FRANKFURT -- Japanese automaker Toyota wants a seat at the table when it comes to discussing future exhaust-emission standards in Europe.
Toyota was excluded from talks between ACEA, the European car manufacturers association, and the European Commission over Euro 5 emission laws due in 2010.
The Euro 5 standard may force car manufacturers to reduce emissions from diesel cars by 50 percent.
"Despite the fact that we produce about 600,000 cars in Europe, the Japanese car makers are not considered European producers by ACEA," said Jim Rosenstein, vice president communications at Toyota Motor Europe.

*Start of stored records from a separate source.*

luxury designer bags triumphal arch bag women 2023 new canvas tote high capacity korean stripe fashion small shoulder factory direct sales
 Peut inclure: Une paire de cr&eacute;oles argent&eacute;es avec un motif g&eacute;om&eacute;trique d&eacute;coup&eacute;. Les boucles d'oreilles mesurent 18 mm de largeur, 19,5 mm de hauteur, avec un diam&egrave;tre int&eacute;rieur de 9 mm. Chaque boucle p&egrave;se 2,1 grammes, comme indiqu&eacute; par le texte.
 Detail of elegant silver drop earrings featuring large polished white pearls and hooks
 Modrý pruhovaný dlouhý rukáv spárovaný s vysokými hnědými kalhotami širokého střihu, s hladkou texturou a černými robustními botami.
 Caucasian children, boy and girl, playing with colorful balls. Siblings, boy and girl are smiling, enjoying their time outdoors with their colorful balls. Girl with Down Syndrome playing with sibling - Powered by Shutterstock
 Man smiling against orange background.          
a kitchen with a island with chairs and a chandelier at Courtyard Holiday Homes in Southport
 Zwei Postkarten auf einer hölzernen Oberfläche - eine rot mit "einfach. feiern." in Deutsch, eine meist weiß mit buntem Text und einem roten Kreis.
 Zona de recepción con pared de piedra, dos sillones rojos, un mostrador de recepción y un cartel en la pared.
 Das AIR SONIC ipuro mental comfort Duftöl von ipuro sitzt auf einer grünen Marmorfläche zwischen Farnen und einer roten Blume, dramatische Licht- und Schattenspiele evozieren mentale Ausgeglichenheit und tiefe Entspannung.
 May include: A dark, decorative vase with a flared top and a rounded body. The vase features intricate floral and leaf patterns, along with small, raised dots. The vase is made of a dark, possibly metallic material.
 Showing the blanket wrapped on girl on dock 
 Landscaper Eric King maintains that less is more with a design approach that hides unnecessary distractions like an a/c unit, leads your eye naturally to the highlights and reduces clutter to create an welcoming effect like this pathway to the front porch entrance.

The stakes are high. Modern common-rail diesel technology has spurred acceptance by European car buyers. Diesel penetration in western Europe has soared to 40.3 percent of all cars last year from 13.8 percent in 1990.
A new JD Power-LMC study estimates diesel engines will capture 28 percent of world passenger vehicle sales by 2015.
The German car industry's late acceptance and promotion of diesel particulate-filter technology surprised and upset Toyota. The company says most German-backed techniques are focused only on reducing particulates for Euro 4 standards taking effect in 2005 and ignore nitrogen oxide, or NOx, emissions.
Toyota has developed D-cat technology that reduces both particulate and NOx emissions.
"Everybody talks about particulates but NOx is overlooked," said Gerald Killman, general manager powertrain engineering at Toyota Motor Engineering and Manufacturing Europe. "But NOx in combination with hydrocarbons produces ozone. In Europe, 15 percent of the population is suffering from sight and aspirate problems because of that."
Some industry sources said Toyota actually wants to discourage use of diesel because of its emphasis on hybrid powertrains. Toyota denied that.
"We are committed to diesels, and will even come up with diesel-powered hybrid systems," Rosenstein said.
Rosenstein warned against short-term solutions.
"Euro 5 legislation may kill the diesel, if no initiatives are taken on NOx emissions," Rosenstein said.
He added, "At the moment, we are probably the only carmaker who could meet eventual Euro 5 standards."